THE TASK — Starting with the line containing "France's President Emmanuel" and going on through the line containing "This image released", return the lines of the data below exactly, and only those.

Brief descriptive captions:

=== Section Start ===

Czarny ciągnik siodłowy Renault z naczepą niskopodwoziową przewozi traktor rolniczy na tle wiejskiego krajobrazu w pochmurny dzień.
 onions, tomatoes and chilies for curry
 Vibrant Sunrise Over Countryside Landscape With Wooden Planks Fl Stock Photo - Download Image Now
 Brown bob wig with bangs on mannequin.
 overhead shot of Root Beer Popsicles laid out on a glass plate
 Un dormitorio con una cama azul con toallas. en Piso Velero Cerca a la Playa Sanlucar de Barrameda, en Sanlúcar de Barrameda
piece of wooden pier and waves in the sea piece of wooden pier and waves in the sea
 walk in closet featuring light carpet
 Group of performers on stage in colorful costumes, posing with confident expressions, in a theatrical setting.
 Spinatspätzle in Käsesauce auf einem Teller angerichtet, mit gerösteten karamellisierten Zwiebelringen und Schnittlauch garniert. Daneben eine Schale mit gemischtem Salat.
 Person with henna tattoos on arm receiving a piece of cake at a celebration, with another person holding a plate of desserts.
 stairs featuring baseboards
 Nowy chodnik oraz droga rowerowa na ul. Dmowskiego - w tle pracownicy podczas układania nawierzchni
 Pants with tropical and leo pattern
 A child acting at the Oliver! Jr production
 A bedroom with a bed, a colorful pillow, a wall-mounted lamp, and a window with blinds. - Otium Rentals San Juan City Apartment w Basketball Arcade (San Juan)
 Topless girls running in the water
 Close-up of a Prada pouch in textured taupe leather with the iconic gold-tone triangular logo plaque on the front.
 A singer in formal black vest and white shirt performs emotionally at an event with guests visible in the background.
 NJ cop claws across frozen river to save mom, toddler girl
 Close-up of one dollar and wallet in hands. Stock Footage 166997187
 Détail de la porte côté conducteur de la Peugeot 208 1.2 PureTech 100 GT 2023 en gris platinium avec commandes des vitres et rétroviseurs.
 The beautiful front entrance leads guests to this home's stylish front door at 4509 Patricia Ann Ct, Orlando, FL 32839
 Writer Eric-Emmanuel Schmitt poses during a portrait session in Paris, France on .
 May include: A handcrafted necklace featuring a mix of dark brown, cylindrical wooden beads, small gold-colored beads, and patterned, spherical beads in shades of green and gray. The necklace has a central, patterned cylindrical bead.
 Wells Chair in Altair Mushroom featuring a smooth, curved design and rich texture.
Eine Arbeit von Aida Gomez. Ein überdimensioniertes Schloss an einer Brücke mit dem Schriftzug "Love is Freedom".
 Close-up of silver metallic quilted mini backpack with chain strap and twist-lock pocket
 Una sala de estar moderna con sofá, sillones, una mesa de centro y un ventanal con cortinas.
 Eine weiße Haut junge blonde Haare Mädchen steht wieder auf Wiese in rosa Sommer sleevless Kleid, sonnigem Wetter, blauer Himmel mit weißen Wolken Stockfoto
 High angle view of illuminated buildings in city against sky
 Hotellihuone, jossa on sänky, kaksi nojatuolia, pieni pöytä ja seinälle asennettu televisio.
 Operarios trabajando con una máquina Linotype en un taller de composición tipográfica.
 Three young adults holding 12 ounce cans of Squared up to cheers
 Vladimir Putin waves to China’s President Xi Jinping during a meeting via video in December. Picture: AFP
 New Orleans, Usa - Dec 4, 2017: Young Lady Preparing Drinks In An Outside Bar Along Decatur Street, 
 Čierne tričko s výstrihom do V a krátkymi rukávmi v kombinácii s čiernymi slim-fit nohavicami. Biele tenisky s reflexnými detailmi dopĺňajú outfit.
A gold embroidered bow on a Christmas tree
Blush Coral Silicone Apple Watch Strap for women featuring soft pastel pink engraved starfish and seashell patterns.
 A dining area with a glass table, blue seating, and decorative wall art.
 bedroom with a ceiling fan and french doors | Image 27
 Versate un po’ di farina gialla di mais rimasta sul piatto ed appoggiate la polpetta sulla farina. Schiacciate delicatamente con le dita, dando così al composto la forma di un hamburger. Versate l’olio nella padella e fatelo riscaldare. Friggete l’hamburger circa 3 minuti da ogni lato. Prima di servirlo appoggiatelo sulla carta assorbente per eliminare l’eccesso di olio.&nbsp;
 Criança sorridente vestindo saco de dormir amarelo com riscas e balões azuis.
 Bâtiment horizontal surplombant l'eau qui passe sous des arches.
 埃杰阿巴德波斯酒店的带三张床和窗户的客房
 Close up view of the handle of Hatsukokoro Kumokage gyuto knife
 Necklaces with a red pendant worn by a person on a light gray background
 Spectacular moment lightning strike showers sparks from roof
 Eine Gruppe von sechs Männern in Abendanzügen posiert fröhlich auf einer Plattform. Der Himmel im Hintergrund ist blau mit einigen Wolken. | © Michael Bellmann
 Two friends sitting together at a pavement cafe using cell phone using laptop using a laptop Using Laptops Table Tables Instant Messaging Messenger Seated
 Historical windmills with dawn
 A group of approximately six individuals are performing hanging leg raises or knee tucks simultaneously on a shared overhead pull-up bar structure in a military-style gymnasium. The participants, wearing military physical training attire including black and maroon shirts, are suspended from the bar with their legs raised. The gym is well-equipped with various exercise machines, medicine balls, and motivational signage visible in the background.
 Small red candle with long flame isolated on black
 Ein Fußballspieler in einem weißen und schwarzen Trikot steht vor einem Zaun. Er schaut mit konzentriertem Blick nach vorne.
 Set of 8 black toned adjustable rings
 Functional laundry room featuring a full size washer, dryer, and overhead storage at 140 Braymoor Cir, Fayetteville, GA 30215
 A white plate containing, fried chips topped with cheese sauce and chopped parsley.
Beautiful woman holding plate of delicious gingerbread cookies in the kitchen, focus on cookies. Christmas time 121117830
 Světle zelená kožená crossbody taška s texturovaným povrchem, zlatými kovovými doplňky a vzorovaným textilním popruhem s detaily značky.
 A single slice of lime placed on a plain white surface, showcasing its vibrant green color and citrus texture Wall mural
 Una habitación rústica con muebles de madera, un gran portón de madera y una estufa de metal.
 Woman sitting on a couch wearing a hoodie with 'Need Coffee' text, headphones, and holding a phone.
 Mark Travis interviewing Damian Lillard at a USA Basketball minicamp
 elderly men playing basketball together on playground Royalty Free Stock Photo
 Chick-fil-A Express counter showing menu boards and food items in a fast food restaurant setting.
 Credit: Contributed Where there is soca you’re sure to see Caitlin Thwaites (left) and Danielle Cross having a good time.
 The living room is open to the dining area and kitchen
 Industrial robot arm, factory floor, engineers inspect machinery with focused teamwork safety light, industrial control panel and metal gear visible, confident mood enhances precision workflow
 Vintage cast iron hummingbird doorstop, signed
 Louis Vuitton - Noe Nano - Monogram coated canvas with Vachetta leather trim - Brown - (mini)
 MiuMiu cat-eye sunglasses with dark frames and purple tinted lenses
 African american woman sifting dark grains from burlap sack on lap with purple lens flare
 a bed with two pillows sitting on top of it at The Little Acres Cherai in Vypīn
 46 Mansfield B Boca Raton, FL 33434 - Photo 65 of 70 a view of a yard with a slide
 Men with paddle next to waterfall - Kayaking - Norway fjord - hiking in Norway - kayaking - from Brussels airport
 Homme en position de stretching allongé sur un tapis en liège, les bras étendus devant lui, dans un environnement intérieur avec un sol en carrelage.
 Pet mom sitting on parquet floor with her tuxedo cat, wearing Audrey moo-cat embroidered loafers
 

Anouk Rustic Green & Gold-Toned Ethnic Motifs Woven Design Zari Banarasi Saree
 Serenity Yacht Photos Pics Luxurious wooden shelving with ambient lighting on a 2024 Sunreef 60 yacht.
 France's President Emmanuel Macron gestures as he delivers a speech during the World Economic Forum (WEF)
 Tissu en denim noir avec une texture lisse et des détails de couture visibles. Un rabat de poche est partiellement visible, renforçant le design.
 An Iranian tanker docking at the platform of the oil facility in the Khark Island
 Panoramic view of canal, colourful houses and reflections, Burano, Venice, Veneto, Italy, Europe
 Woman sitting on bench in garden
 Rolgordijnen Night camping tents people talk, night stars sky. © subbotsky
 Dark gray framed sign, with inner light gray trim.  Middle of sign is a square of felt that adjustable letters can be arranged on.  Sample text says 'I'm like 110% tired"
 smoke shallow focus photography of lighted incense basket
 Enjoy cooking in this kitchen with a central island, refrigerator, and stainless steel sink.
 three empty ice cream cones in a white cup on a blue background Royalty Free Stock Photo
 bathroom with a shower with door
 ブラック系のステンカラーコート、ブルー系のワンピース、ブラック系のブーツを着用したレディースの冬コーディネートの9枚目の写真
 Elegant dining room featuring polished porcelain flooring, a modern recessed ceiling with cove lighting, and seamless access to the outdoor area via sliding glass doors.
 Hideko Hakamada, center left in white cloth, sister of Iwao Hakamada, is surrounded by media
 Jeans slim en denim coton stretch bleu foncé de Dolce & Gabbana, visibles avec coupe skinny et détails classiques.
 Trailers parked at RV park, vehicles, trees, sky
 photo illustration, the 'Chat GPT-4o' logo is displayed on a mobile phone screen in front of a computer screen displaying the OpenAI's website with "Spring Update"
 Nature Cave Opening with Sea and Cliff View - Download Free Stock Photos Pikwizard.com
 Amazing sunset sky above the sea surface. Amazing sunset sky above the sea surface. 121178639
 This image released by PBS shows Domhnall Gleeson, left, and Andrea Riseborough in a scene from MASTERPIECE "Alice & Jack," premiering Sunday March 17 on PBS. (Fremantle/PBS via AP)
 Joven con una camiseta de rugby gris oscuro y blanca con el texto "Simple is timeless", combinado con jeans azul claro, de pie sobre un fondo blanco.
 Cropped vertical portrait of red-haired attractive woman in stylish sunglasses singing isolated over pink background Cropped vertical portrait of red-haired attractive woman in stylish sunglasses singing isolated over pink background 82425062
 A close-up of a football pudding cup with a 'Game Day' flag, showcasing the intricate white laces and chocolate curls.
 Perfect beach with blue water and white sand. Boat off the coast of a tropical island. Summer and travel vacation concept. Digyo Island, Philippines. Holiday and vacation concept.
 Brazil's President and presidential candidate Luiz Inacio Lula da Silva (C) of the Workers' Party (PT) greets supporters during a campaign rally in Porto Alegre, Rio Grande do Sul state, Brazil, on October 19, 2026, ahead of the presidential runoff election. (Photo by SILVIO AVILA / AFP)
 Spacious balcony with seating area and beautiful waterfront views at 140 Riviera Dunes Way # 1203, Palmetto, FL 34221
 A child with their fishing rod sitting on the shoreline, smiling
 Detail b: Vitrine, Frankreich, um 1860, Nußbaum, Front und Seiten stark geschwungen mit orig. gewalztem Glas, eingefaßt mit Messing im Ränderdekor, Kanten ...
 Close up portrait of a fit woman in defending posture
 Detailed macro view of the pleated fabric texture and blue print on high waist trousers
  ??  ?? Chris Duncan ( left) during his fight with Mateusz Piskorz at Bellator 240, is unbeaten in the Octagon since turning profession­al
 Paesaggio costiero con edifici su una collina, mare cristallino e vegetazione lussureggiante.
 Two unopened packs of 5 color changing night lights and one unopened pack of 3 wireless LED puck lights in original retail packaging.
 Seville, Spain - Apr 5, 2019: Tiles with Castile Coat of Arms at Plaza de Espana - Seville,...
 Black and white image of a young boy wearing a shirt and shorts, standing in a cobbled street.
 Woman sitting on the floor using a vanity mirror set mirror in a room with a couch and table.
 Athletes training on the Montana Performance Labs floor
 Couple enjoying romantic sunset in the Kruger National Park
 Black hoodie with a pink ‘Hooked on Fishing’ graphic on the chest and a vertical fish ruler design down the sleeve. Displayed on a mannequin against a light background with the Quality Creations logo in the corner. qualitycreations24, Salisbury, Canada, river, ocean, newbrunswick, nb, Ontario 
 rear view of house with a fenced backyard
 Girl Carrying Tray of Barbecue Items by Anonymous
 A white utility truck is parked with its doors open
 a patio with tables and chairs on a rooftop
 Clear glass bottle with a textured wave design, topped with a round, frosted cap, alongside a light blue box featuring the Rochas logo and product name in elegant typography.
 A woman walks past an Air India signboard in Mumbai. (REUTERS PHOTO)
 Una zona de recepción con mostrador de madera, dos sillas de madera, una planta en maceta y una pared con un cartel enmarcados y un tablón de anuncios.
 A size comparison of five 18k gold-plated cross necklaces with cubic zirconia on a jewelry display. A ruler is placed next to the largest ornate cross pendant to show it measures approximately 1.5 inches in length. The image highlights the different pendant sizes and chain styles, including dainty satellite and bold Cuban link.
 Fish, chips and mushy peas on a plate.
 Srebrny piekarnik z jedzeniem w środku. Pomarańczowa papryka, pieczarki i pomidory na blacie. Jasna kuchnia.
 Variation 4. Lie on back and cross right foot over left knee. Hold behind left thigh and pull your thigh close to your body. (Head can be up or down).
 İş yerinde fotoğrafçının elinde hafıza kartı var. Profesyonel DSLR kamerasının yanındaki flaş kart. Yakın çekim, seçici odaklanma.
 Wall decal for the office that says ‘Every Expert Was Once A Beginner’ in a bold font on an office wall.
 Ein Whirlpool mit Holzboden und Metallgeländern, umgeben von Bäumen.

=== Section End ===

WRITTEN RESPONSE —
 France's President Emmanuel Macron gestures as he delivers a speech during the World Economic Forum (WEF)
 Tissu en denim noir avec une texture lisse et des détails de couture visibles. Un rabat de poche est partiellement visible, renforçant le design.
 An Iranian tanker docking at the platform of the oil facility in the Khark Island
 Panoramic view of canal, colourful houses and reflections, Burano, Venice, Veneto, Italy, Europe
 Woman sitting on bench in garden
 Rolgordijnen Night camping tents people talk, night stars sky. © subbotsky
 Dark gray framed sign, with inner light gray trim.  Middle of sign is a square of felt that adjustable letters can be arranged on.  Sample text says 'I'm like 110% tired"
 smoke shallow focus photography of lighted incense basket
 Enjoy cooking in this kitchen with a central island, refrigerator, and stainless steel sink.
 three empty ice cream cones in a white cup on a blue background Royalty Free Stock Photo
 bathroom with a shower with door
 ブラック系のステンカラーコート、ブルー系のワンピース、ブラック系のブーツを着用したレディースの冬コーディネートの9枚目の写真
 Elegant dining room featuring polished porcelain flooring, a modern recessed ceiling with cove lighting, and seamless access to the outdoor area via sliding glass doors.
 Hideko Hakamada, center left in white cloth, sister of Iwao Hakamada, is surrounded by media
 Jeans slim en denim coton stretch bleu foncé de Dolce & Gabbana, visibles avec coupe skinny et détails classiques.
 Trailers parked at RV park, vehicles, trees, sky
 photo illustration, the 'Chat GPT-4o' logo is displayed on a mobile phone screen in front of a computer screen displaying the OpenAI's website with "Spring Update"
 Nature Cave Opening with Sea and Cliff View - Download Free Stock Photos Pikwizard.com
 Amazing sunset sky above the sea surface. Amazing sunset sky above the sea surface. 121178639
 This image released by PBS shows Domhnall Gleeson, left, and Andrea Riseborough in a scene from MASTERPIECE "Alice & Jack," premiering Sunday March 17 on PBS. (Fremantle/PBS via AP)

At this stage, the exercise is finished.